_LISTED RECORDS_
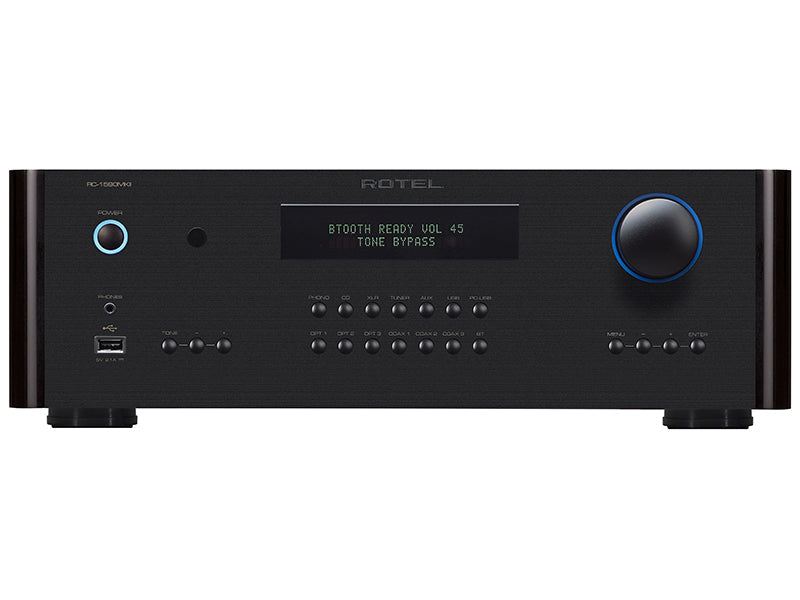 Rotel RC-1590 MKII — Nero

* * *

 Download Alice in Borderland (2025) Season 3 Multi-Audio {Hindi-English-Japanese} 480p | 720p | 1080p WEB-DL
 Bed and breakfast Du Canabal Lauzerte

_EXERCISE_
Only the lines from the one containing "Download Alice in" through the one containing "Bed and breakfast Du Canabal Lauzerte" are to be retyped, both boundary lines included, with no other material.

_OUTPUT FOR THIS TASK_
 Download Alice in Borderland (2025) Season 3 Multi-Audio {Hindi-English-Japanese} 480p | 720p | 1080p WEB-DL
 Bed and breakfast Du Canabal Lauzerte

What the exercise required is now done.